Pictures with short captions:
[Start of Attachment]

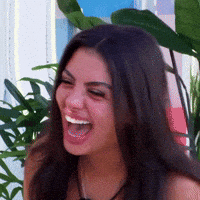 Woman with Long Dark Hair Laughing Open-Mouthed
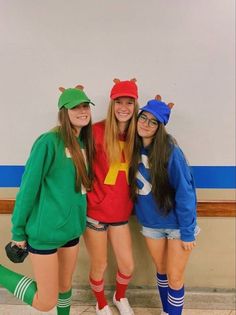 three girls dressed up in costumes posing for the camera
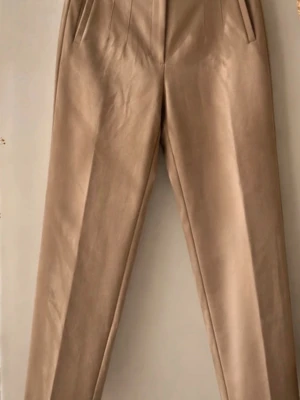 Beige kostymbyxa med pressveck - Snygga beige kostymbyxor med raka ben och pressveck framtill. Byxorna har hög midja och sidofickor, vilket ger en clean och stilren look. Perfekta till en dressad outfit och passar till många olika stilar.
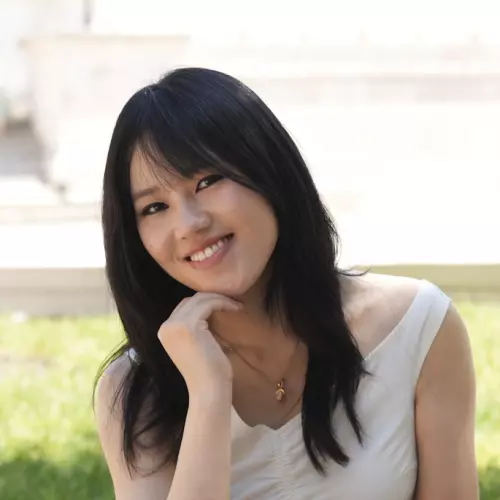  Mingdan has long black hair, is resting her chin on her hand, and is smiling at the camera. She's wearing a sleeveless white top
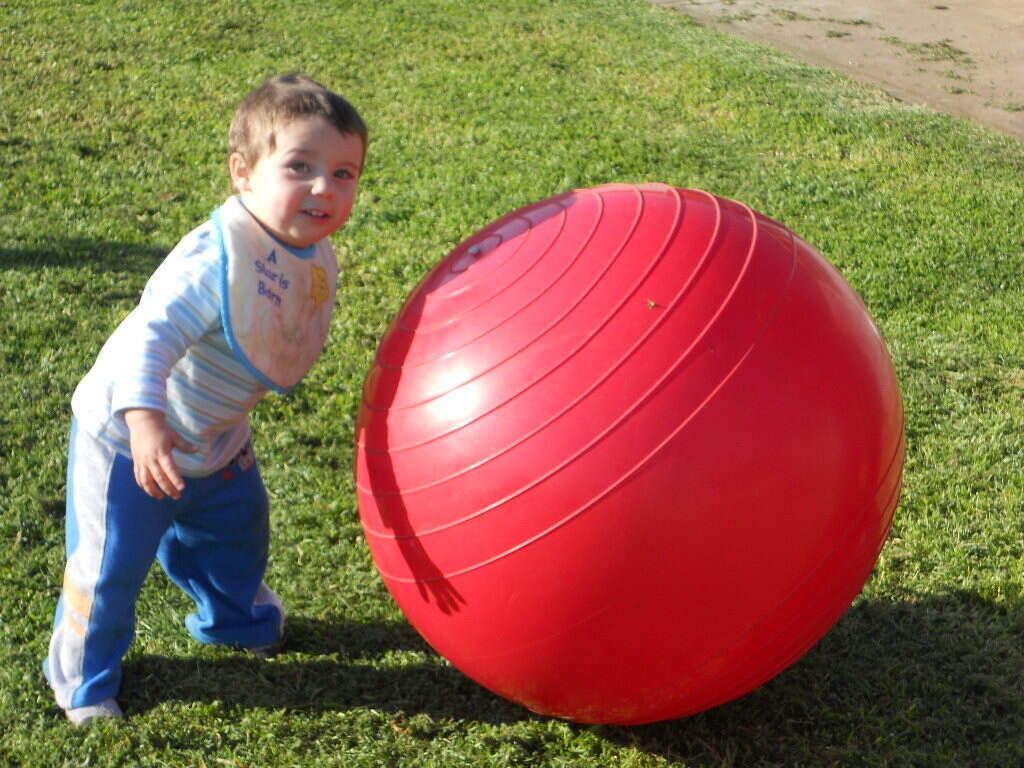 Child with large exercise ball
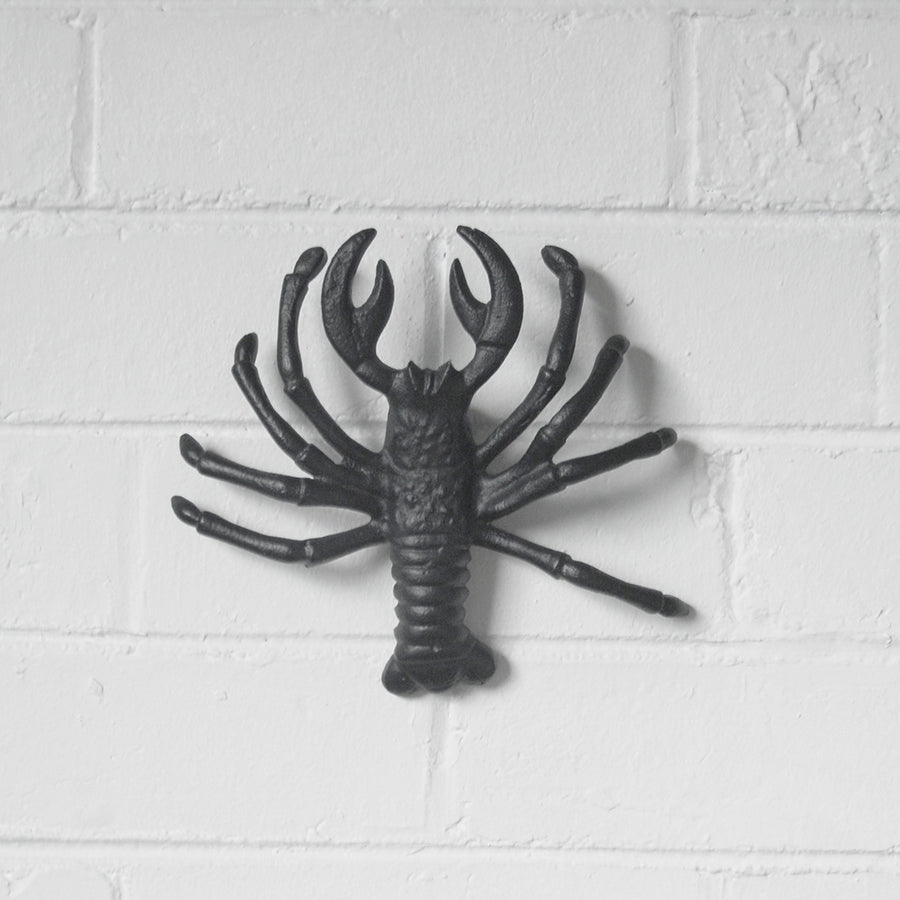 Sculptural matte black lobster mounted on interior wall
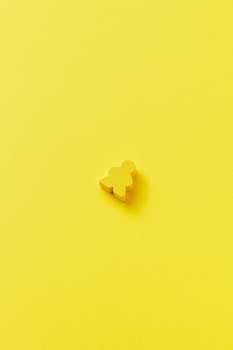 A single yellow meeple on a bright yellow background, showcasing minimalist design.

[End of Attachment]

Keep each line of the records exactly as it is while transcribing them, but leave the images behind.

OUTPUT OF THE TASK =>
 Woman with Long Dark Hair Laughing Open-Mouthed
 three girls dressed up in costumes posing for the camera
 Beige kostymbyxa med pressveck - Snygga beige kostymbyxor med raka ben och pressveck framtill. Byxorna har hög midja och sidofickor, vilket ger en clean och stilren look. Perfekta till en dressad outfit och passar till många olika stilar.
  Mingdan has long black hair, is resting her chin on her hand, and is smiling at the camera. She's wearing a sleeveless white top
 Child with large exercise ball
 Sculptural matte black lobster mounted on interior wall
 A single yellow meeple on a bright yellow background, showcasing minimalist design.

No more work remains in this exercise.